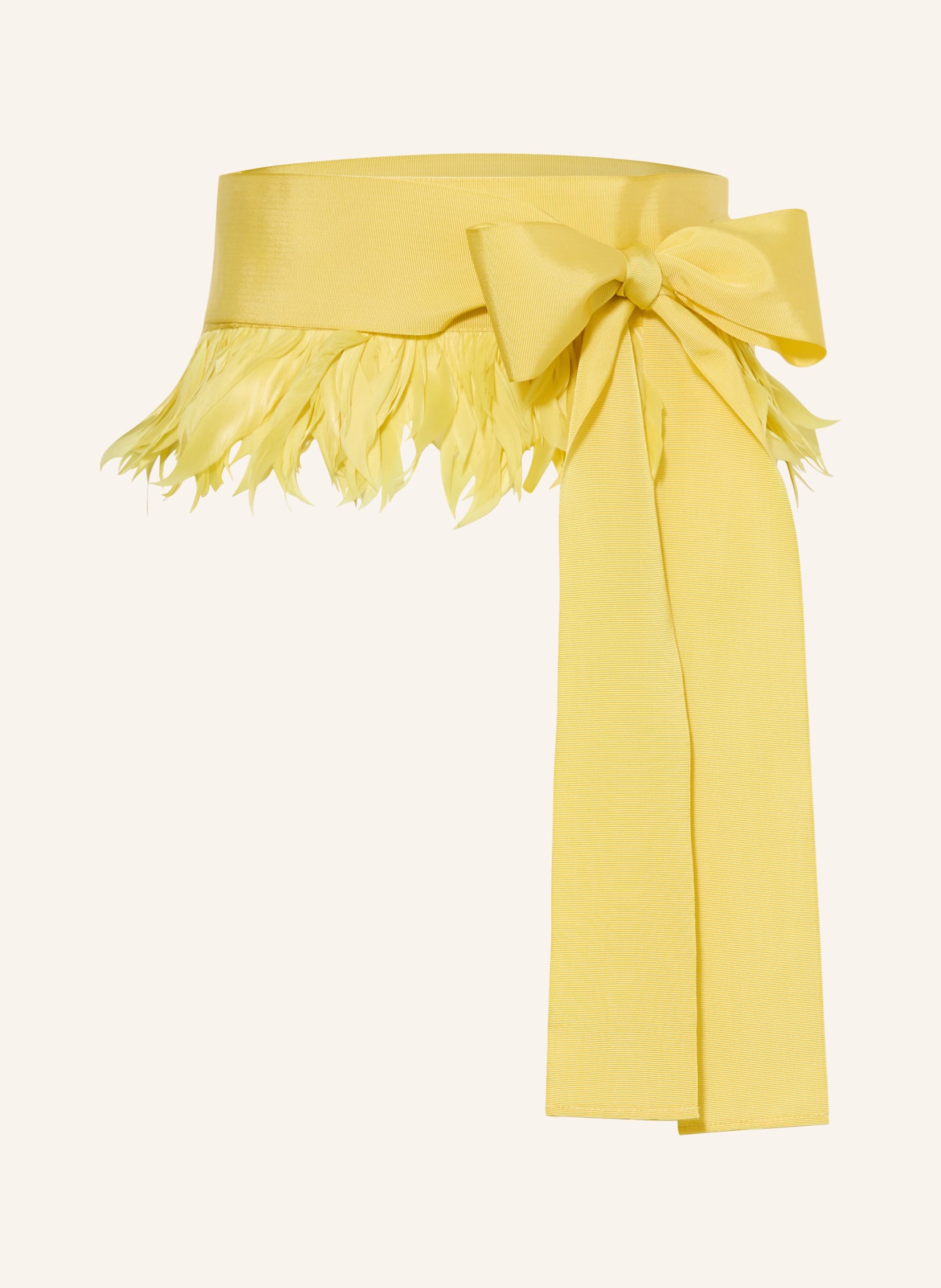 sara roka Bindegürtel NEW YORK: GELB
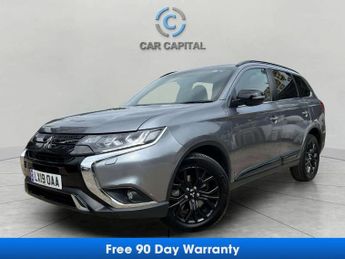 Mitsubishi Outlander 2.0 MIVEC Black SUV 5dr Petrol CVT 4WD Euro 6 (s/s) (150 ps)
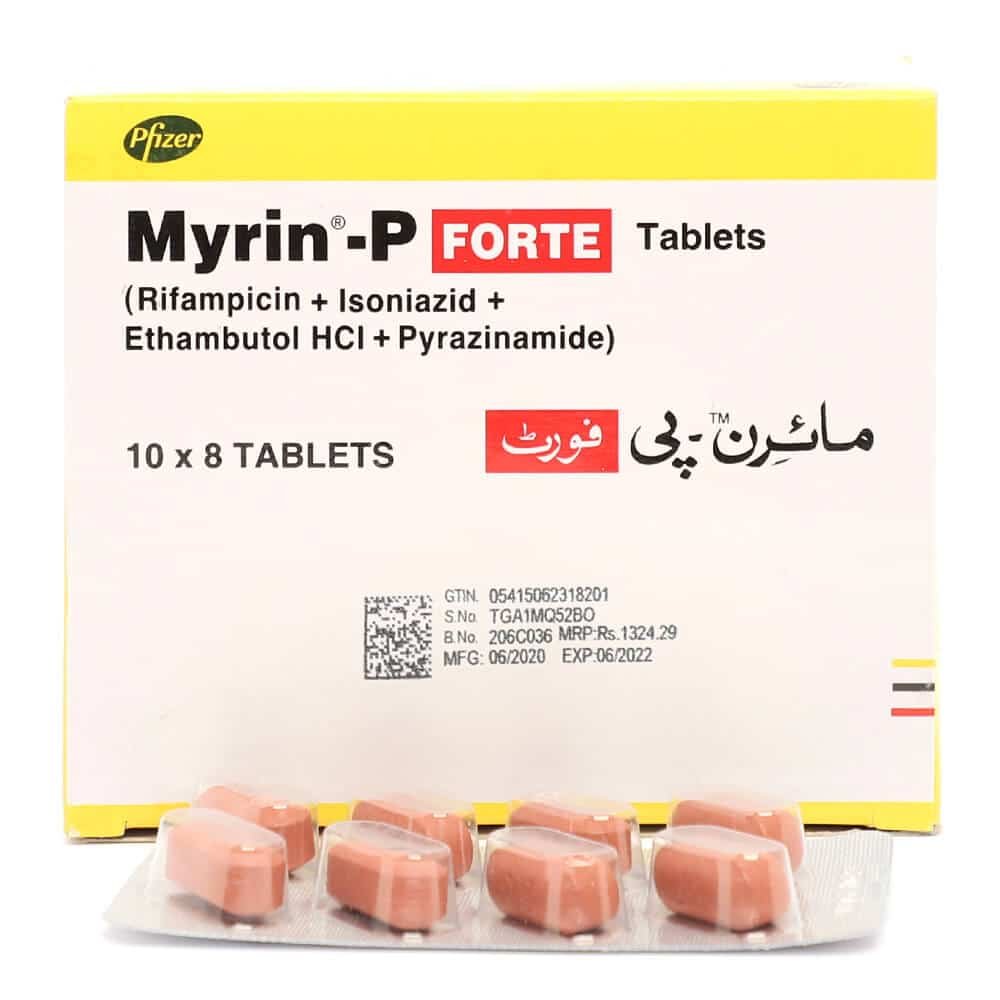 Myrin P Forte Tablets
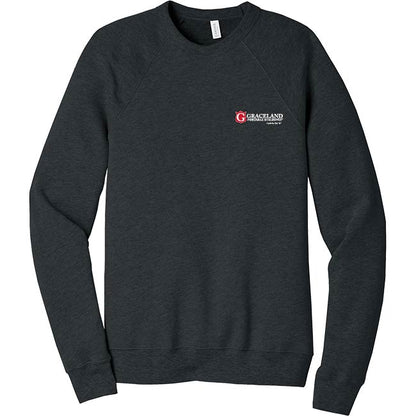BELLA+CANVAS Unisex Sponge Fleece Raglan Sweatshirt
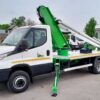 Автогідропідйомники на базі IVECO DAILY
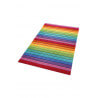 Tapis Smart Stripe multicolore rectangulaire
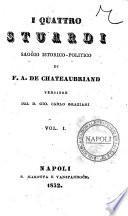 I quattro Stuardi saggio istorico-politico di F. A. de Chateaubriand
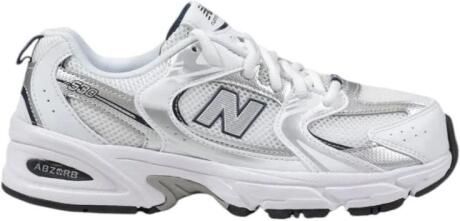 New Balance 530 sneakers wit donkerblauw Mesh Meerkleurig 34.5 - Foto 7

■ **EXERCISE**
The records above must be output exactly, except for the pictures.

■ **EXPECTED ANSWER**
 sara roka Bindegürtel NEW YORK: GELB
 Mitsubishi Outlander 2.0 MIVEC Black SUV 5dr Petrol CVT 4WD Euro 6 (s/s) (150 ps)
 Myrin P Forte Tablets
BELLA+CANVAS Unisex Sponge Fleece Raglan Sweatshirt
 Автогідропідйомники на базі IVECO DAILY
 Tapis Smart Stripe multicolore rectangulaire
 I quattro Stuardi saggio istorico-politico di F. A. de Chateaubriand
 New Balance 530 sneakers wit donkerblauw Mesh Meerkleurig 34.5 - Foto 7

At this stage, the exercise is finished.